> _Try it_: I'd like the data beneath this line reproduced exactly, without any of its images.
(Listed records)
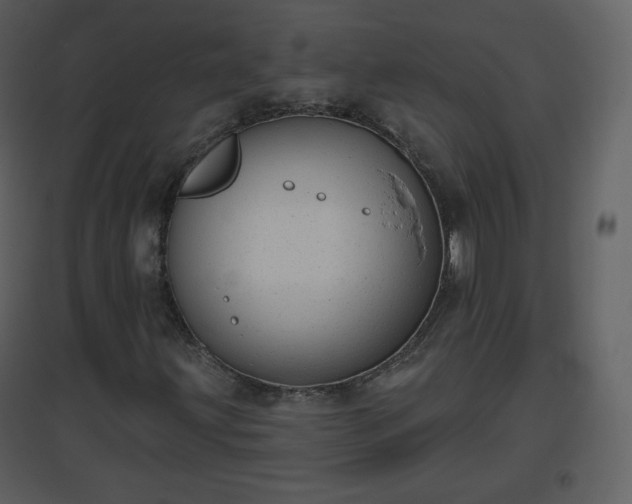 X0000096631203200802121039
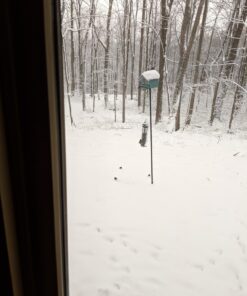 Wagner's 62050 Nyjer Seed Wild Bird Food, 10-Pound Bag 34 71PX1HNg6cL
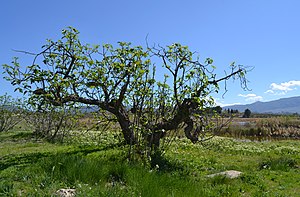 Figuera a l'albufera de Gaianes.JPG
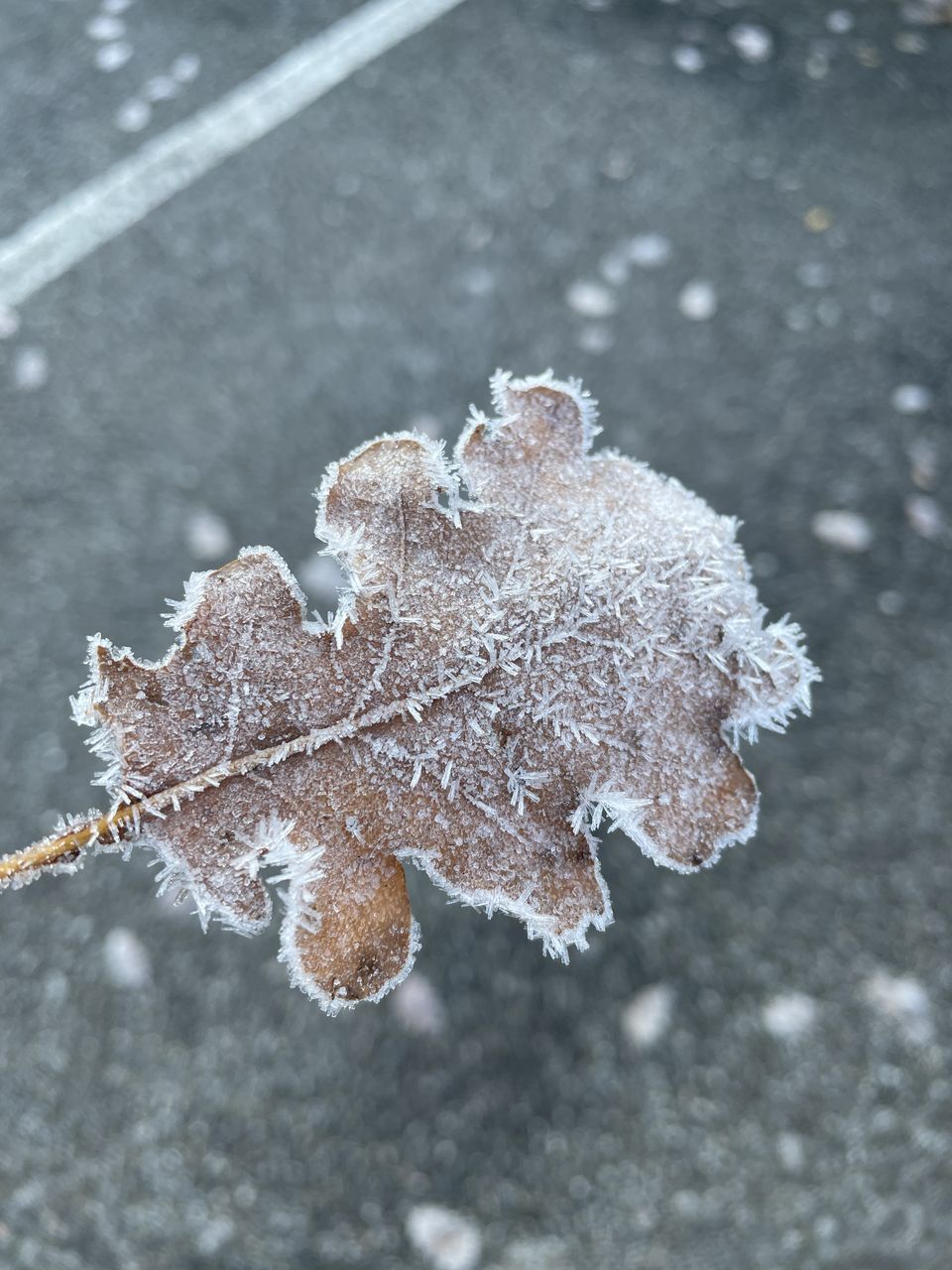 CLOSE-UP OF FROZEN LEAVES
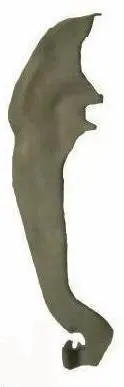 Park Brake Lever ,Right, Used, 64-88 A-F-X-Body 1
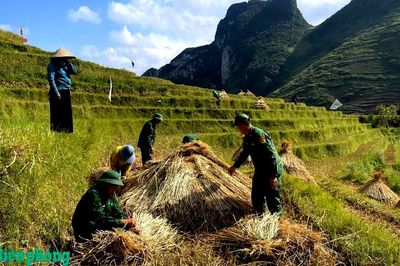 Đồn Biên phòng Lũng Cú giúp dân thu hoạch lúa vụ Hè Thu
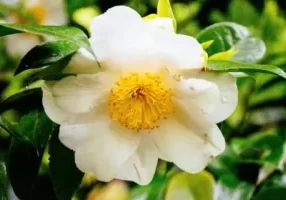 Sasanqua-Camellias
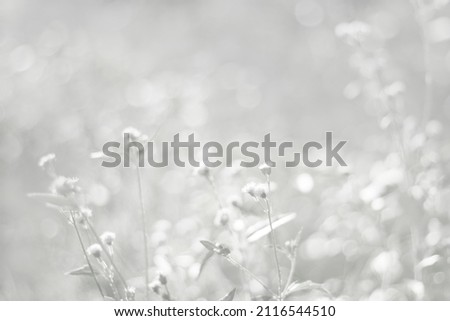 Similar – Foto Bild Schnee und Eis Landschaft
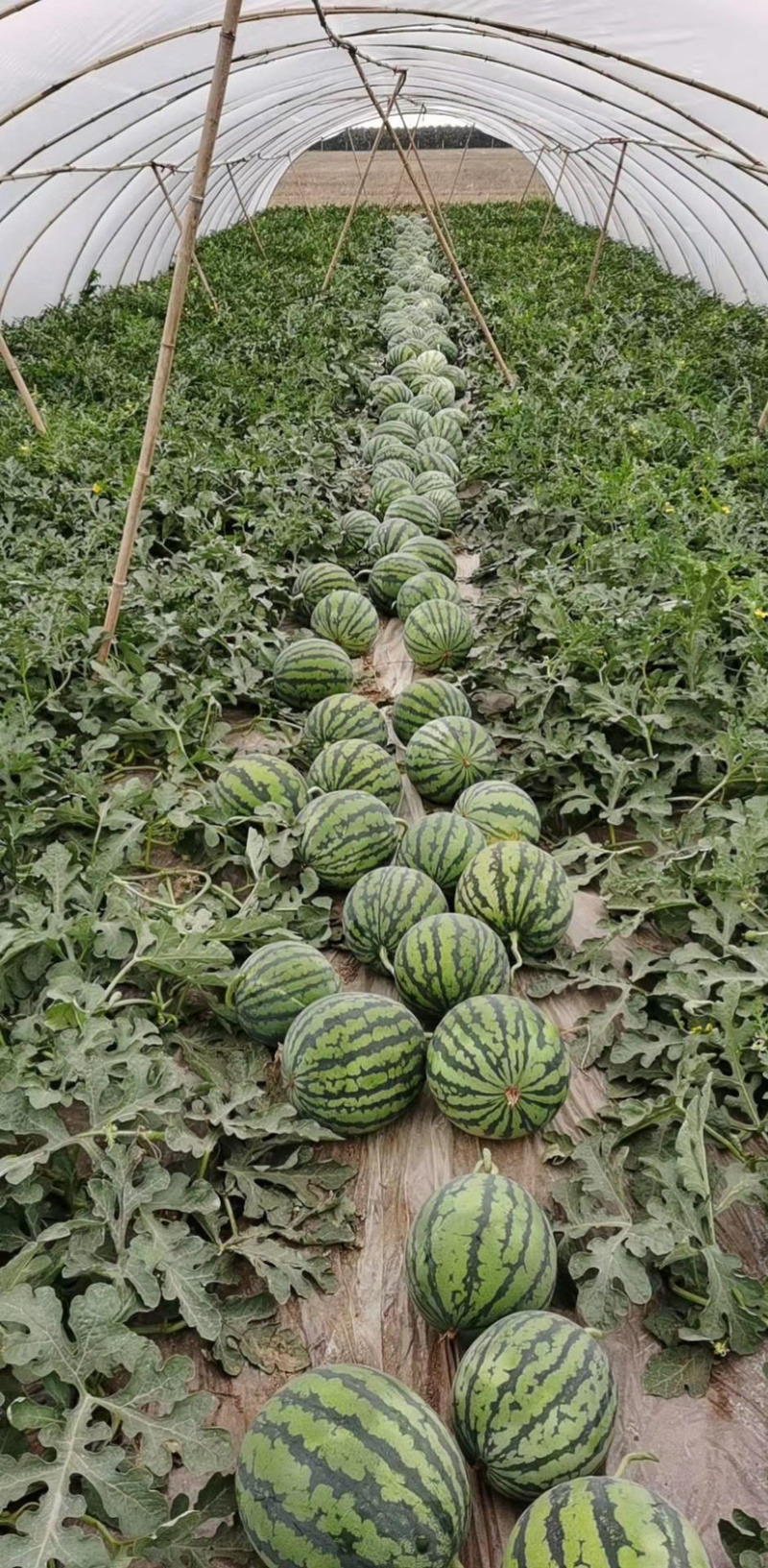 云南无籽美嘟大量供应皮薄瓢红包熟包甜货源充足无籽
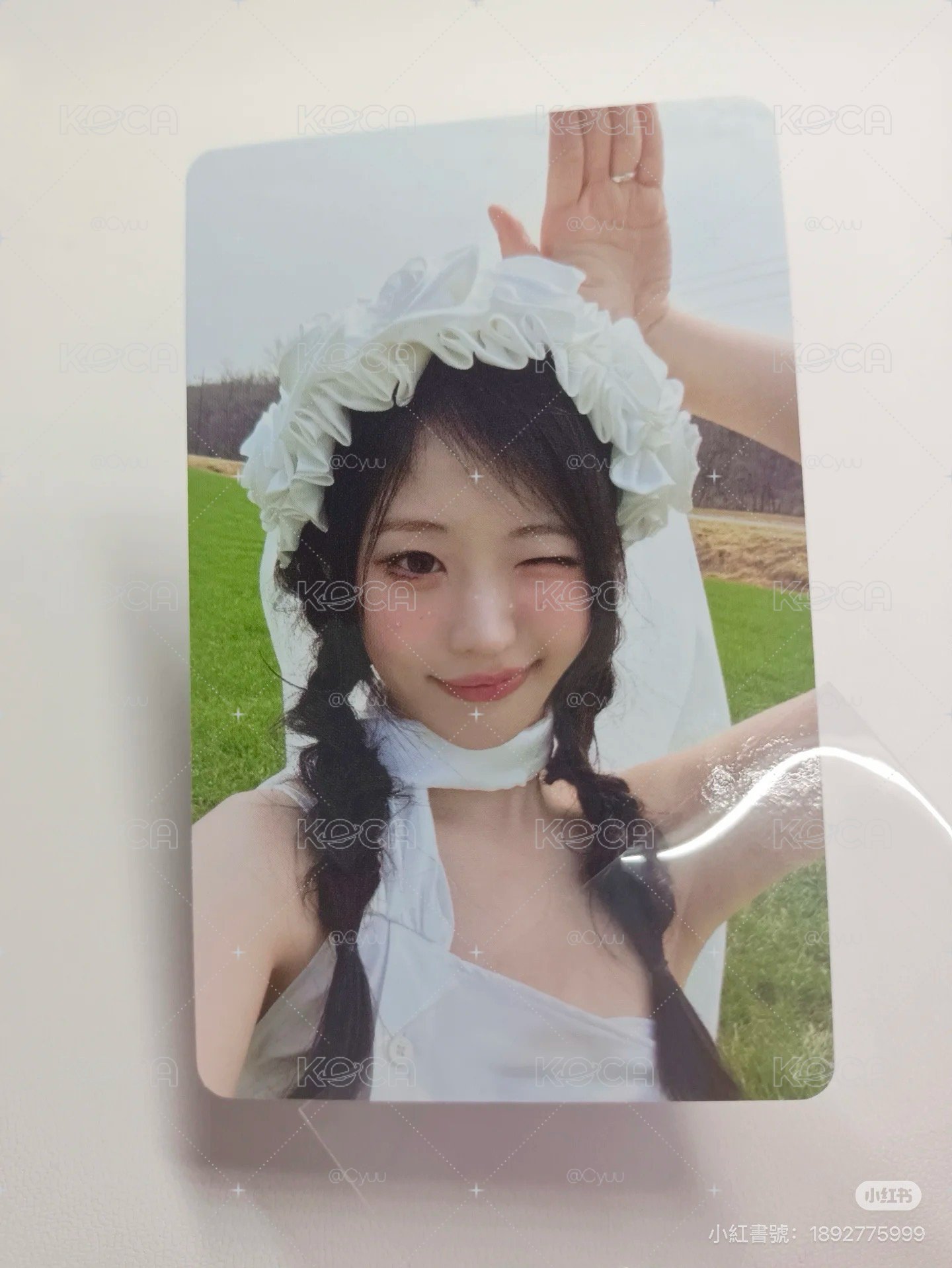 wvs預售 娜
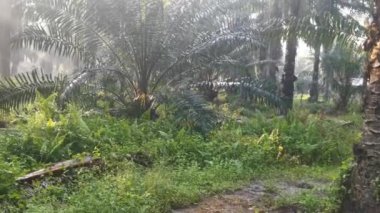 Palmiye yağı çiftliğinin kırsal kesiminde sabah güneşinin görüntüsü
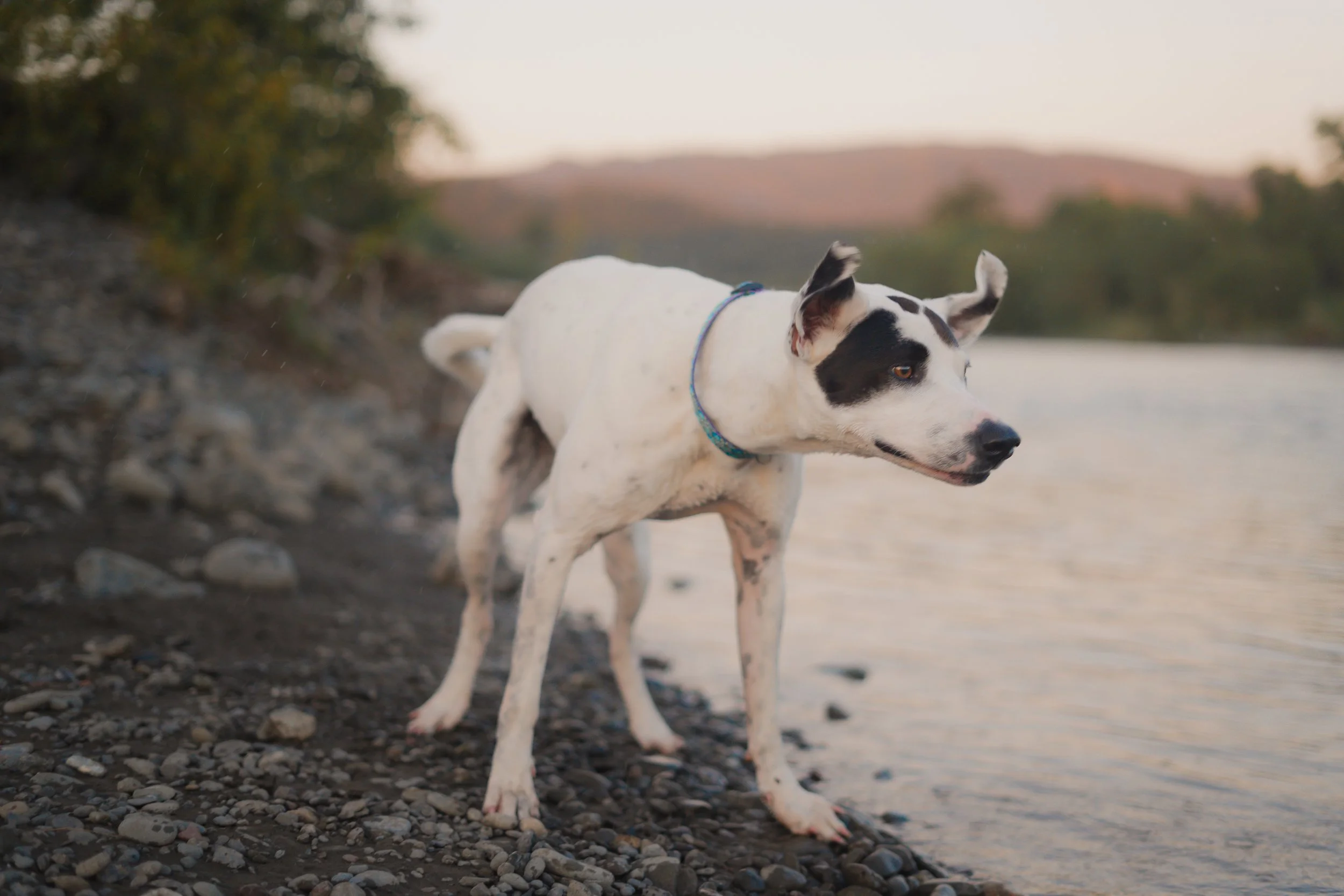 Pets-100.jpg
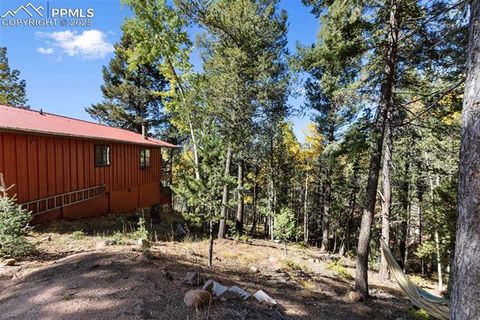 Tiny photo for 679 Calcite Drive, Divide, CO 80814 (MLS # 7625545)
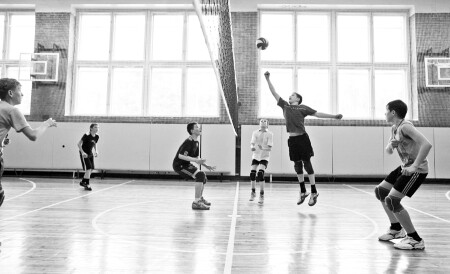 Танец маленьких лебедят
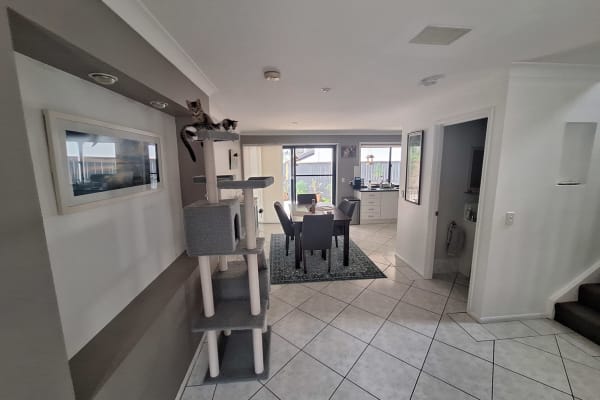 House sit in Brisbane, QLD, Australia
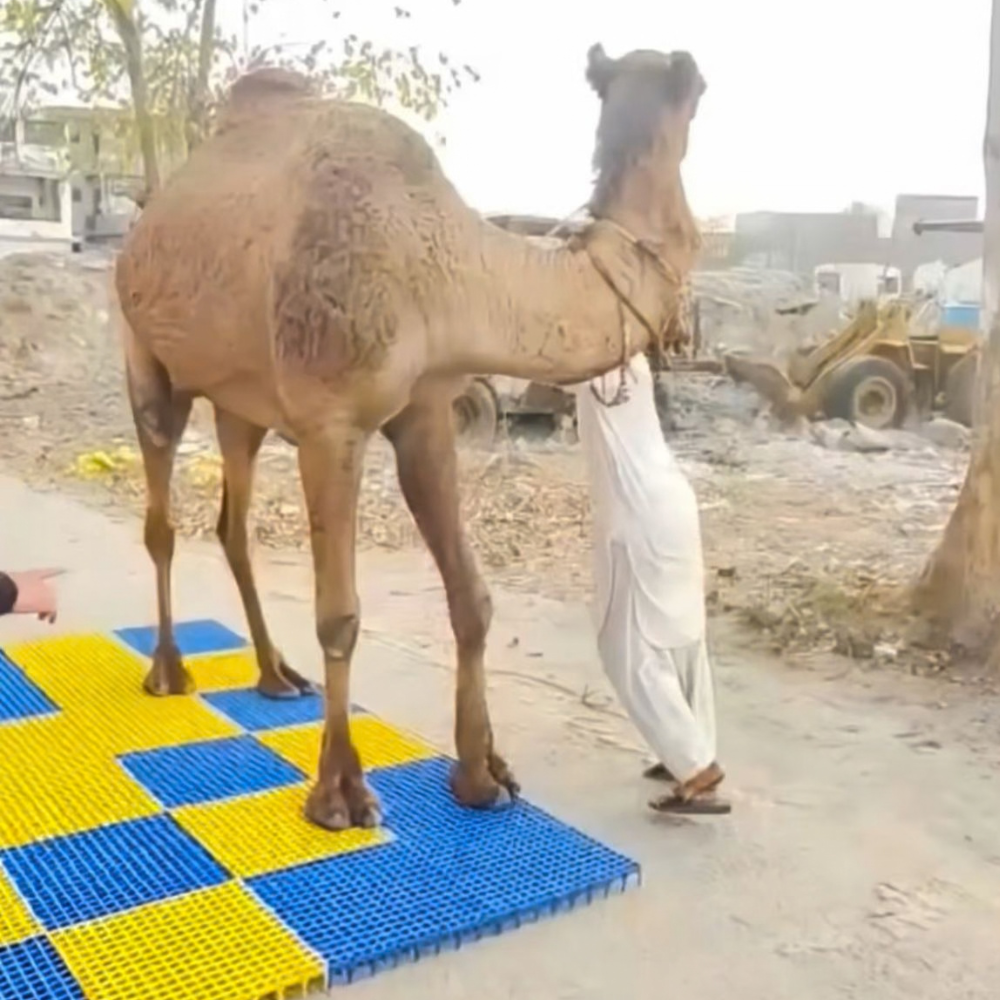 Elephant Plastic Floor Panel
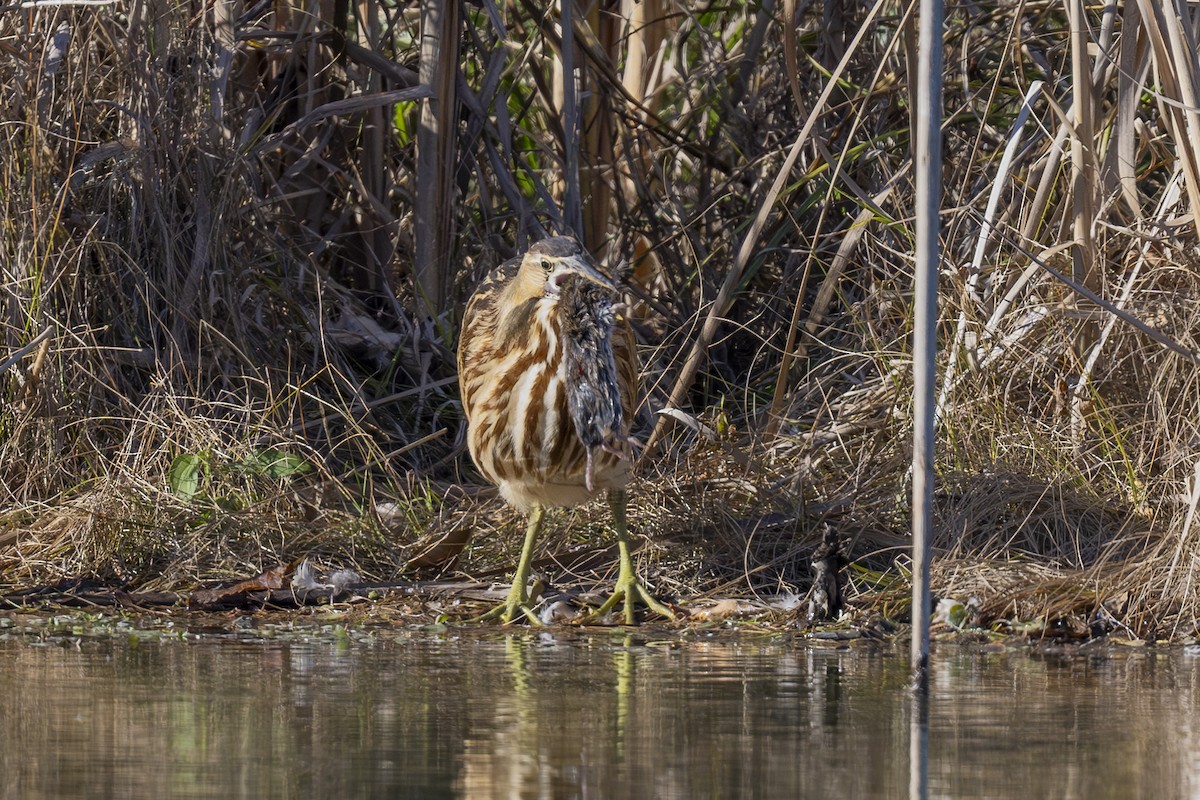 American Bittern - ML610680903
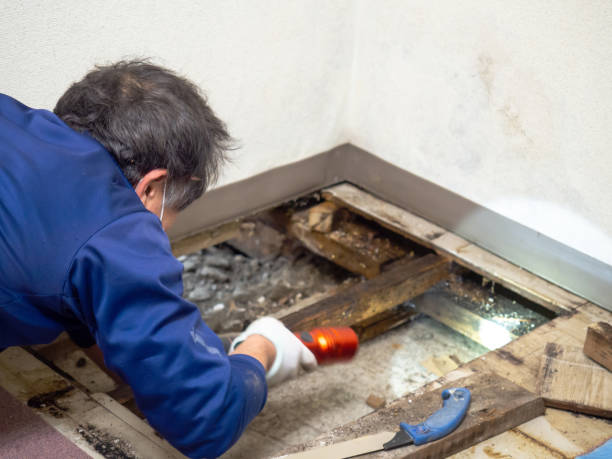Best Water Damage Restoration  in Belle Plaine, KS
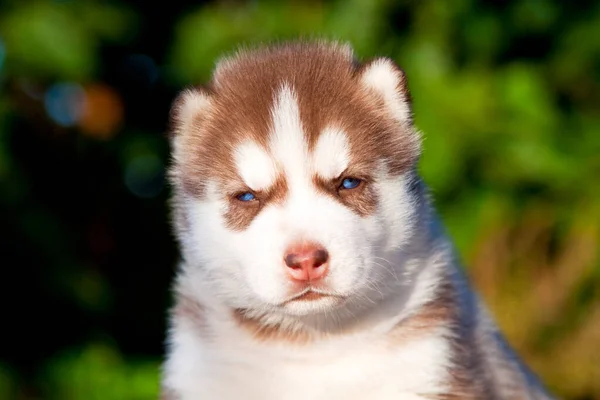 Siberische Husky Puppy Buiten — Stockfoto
(End Listed records)
> _Your solution_:
 X0000096631203200802121039
 Wagner's 62050 Nyjer Seed Wild Bird Food, 10-Pound Bag 34 71PX1HNg6cL
 Figuera a l'albufera de Gaianes.JPG
 CLOSE-UP OF FROZEN LEAVES
 Park Brake Lever ,Right, Used, 64-88 A-F-X-Body 1
 Đồn Biên phòng Lũng Cú giúp dân thu hoạch lúa vụ Hè Thu
 Sasanqua-Camellias
 Similar – Foto Bild Schnee und Eis Landschaft
 云南无籽美嘟大量供应皮薄瓢红包熟包甜货源充足无籽
 wvs預售 娜
 Palmiye yağı çiftliğinin kırsal kesiminde sabah güneşinin görüntüsü
 Pets-100.jpg
 Tiny photo for 679 Calcite Drive, Divide, CO 80814 (MLS # 7625545)
 Танец маленьких лебедят
 House sit in Brisbane, QLD, Australia
 Elephant Plastic Floor Panel
 American Bittern - ML610680903
Best Water Damage Restoration  in Belle Plaine, KS
 Siberische Husky Puppy Buiten — Stockfoto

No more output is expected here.